▸ Exercise requirements
Print exactly the lines from the one that contains "btn-warning btn-sm float-right" through the final line of the entries below, both included, and nothing else; omit the pictures.

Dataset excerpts
===
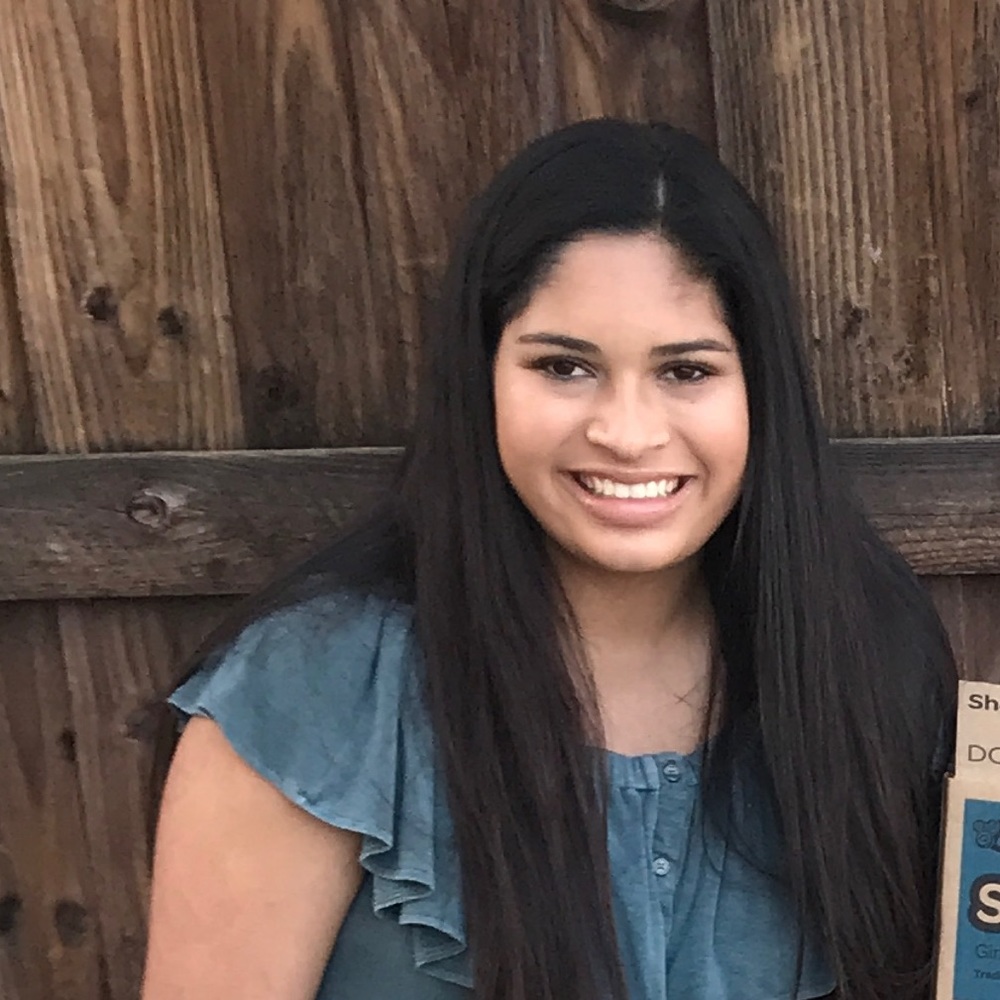 Meet your Posher, Alyssa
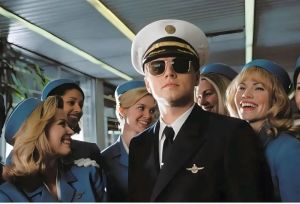 男子冒充空乘人员骗数百次免费飞行 现实版《猫鼠游戏》再现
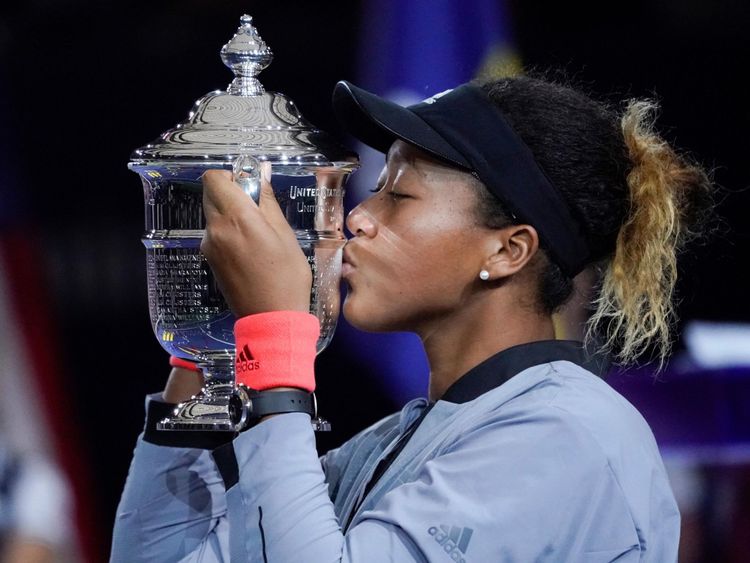 Naomi Osaka, du Japon, détient le trophée US Open après avoir battu Serena Williams, des États-Unis 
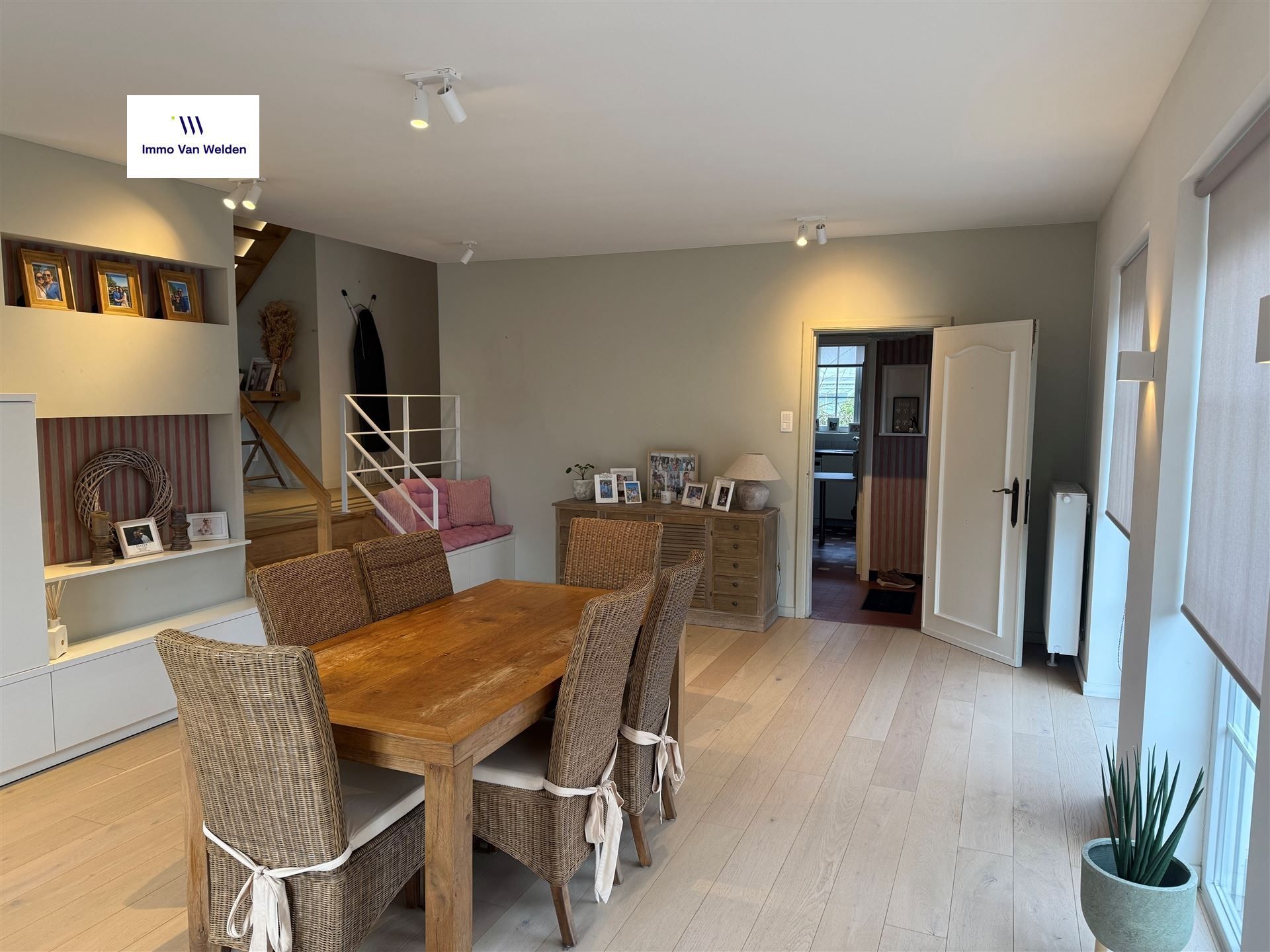 Rustig gelegen villa in groene wijk van Oudenaarde, op wandelafstand van het centrum
. foto 4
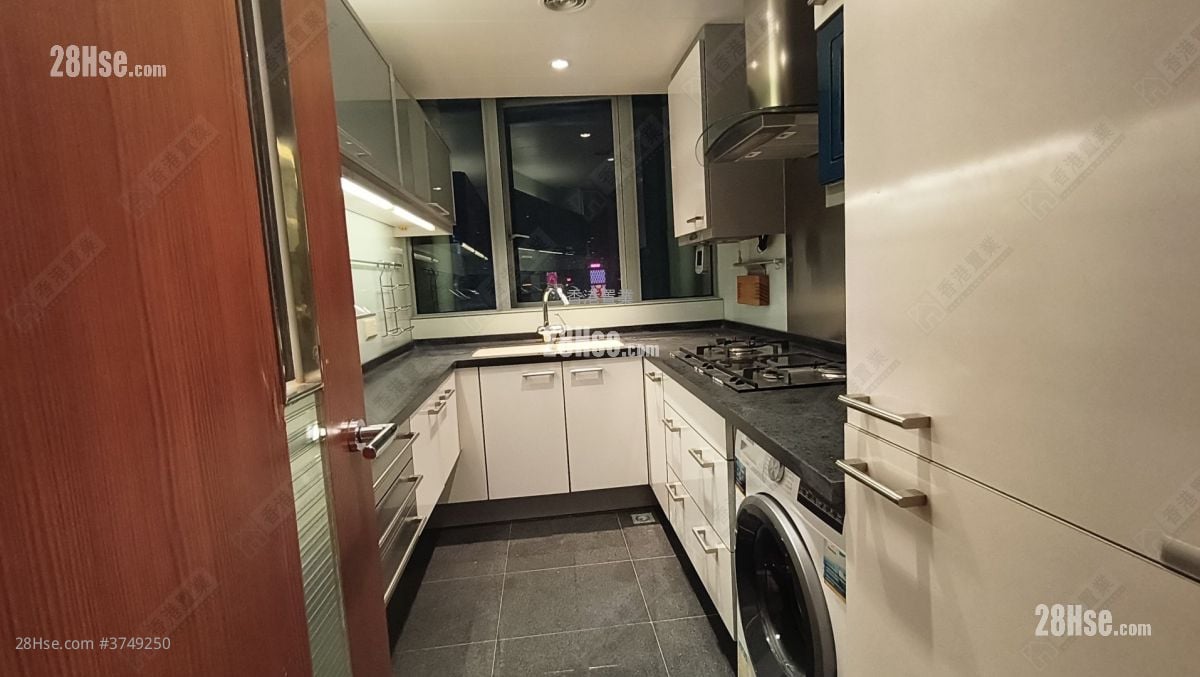 君临天下 售盘 3 房 , 3 浴室 1,051 平方尺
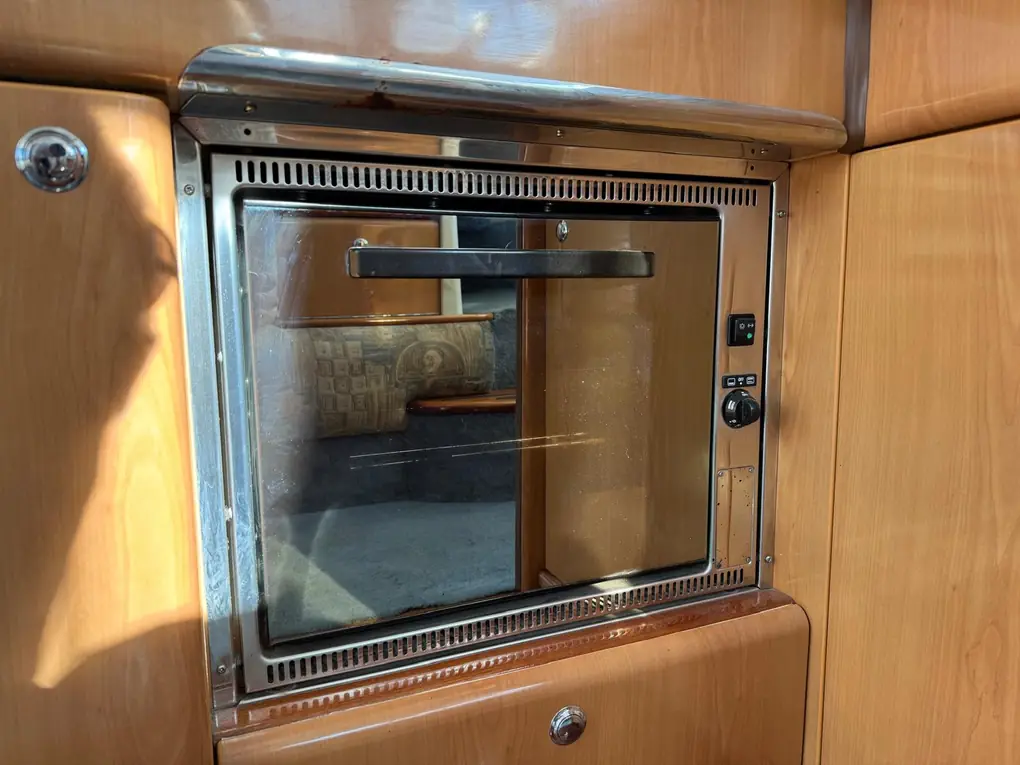 SEALINE 330 FLYBRIDGE - Image 20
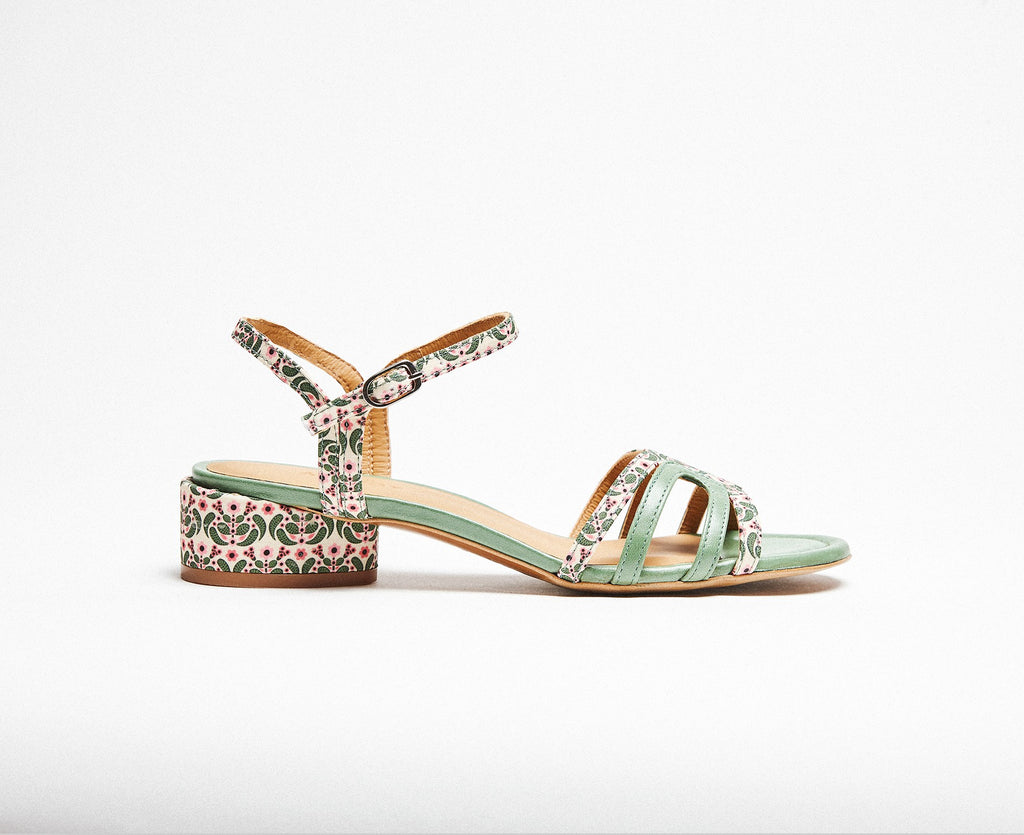 Sandalia de mujer en piel con tacón medio. Lior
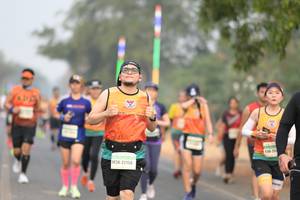 BIB: 130, 22158
                            <button type="button" onclick="openModal(8687665)" class="btn btn-primary btn-sm float-right btn-popup" data-toggle="modal" data-target=".modal-high-quality">
                        <i class="fas fa-shopping-cart"></i> Add to Cart
                    </button>
                                            <button type="button" onclick="isThisMe(8687665, true)" class="btn btn-success btn-sm float-right btn-popup btn-isme hidden" data-toggle="tooltip" data-placement="bottom" title="นี่คือรูปของคุณใช่ไหม คลิกที่นี่เพื่อเอาเข้าอัลบั้ม">
                        <i class="fas fa-plus"></i> Add to album
                    </button>
                    <button type="button" onclick="isThisMe(8687665, false)" class="btn btn-warning btn-sm float-right btn-popup btn-isnotme hidden">
                        <i class="fas fa-ban"></i> Remove from album
                    </button>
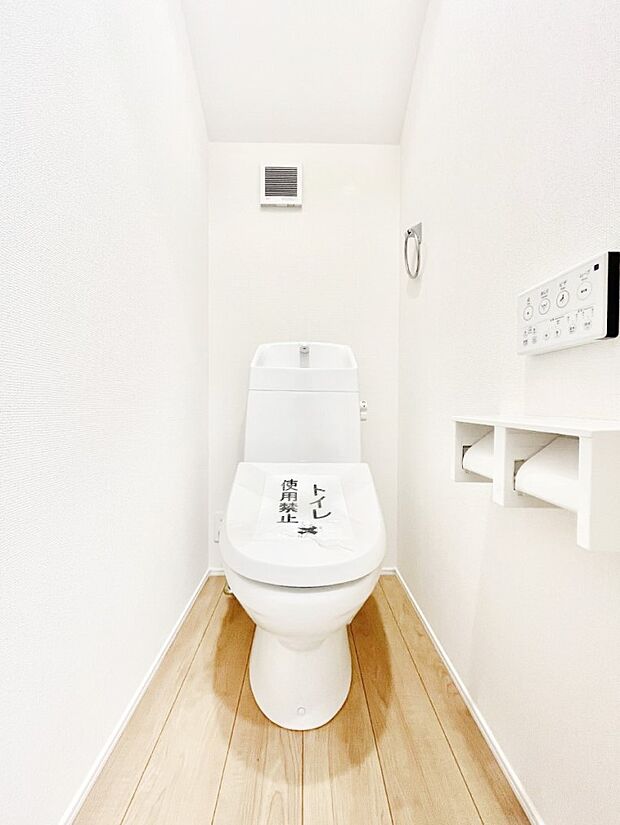 〜Toilet〜　綺麗・スッキリ・快適なウォシュレット付トイレでくつろげる空間です。トイレは毎日使わざるを得ないもの。いつも清潔を保ちたいですね。トイレが2ヶ所あるので朝の混雑時に便利です！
===
▸ Output for this exercise
                    <button type="button" onclick="isThisMe(8687665, false)" class="btn btn-warning btn-sm float-right btn-popup btn-isnotme hidden">
                        <i class="fas fa-ban"></i> Remove from album
                    </button>
 〜Toilet〜　綺麗・スッキリ・快適なウォシュレット付トイレでくつろげる空間です。トイレは毎日使わざるを得ないもの。いつも清潔を保ちたいですね。トイレが2ヶ所あるので朝の混雑時に便利です！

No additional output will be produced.